Learning to Learn by Gradient Descent by Gradient Descent
I had a trip to Quebec city for 4 days. Behind the lingering from the travel, I prepared for the meetup this week. I could not join it because of birthday dinner with my girlfriend. However, I studied the original paper seriously, and the topic involves some interesting ideas, so I want to introduce about it.
Long short term memory (LSTM)
To understand the paper, precedently, need to understand LSTM. I recommend chapter 10 of the deeplearning book.

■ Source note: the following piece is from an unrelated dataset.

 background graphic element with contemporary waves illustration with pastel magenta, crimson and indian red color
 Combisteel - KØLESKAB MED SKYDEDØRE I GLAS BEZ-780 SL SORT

We have partly discussed recurrent neural network (RNN) when studied Hopfield net. This feedback networks have interesting property to remember the informations. However, after many iterations, the activations of the network become flat due to the limit of the numerical precision. Many ideas were considered, and one of the suggested solutions was using gates to make the network forget. You can adjust the gauge of amnesia of the machine1.
Thus, this LSTM has amazing applications in deep learning. Next time, I might also introduce other applications using this LSTM, such as sequence to sequence, generative adversarial nets and so on.
Learning to learn by gradient descent by gradient descent (L2L) and TensorFlow
The idea of the L2L is not so complicated. The original paper is also quite short. It is not automatic that we choose the proper optimizer for the model, and finely tune the parameter of the optimizer. Sometimes, I feel it is even chaotic that there is no definite standard of the optimizations. There are too many trials and errors in computer science. This L2L is a method to make an optimization for parameters such as learning rates and momentums2. LSTM is used to memorize the states in this optimization. Thus, we need the other optimizer to minimize the loss objective of the neural networks. In the paper, they use Adam optimizer to minimize the net. Therefore, there are two optimizers of the L2L. Adam and LSTM optimizer3. After Adam optimization, the LSTM optimizer perform extremely better than others.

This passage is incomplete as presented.